*** Opening of DATA SUPPLIED ***

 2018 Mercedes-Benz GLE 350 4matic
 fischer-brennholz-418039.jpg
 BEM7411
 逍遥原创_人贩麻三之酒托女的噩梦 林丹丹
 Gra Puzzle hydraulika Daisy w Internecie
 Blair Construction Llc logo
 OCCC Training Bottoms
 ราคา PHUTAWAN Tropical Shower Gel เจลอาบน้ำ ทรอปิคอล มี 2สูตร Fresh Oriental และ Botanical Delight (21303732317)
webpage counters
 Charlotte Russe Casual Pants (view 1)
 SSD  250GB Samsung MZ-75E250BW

*** Close of DATA SUPPLIED ***
*** Opening of DATA SUPPLIED ***

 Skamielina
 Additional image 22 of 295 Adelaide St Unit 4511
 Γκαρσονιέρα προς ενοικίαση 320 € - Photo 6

*** Close of DATA SUPPLIED ***

HOW TO COMPLETE THIS TASK - Could you set down, exactly as written, the lines above between the one holding "webpage counters" and the one holding "250GB Samsung MZ-75E250BW", inclusive, and nothing more?

RESULT -
webpage counters
 Charlotte Russe Casual Pants (view 1)
 SSD  250GB Samsung MZ-75E250BW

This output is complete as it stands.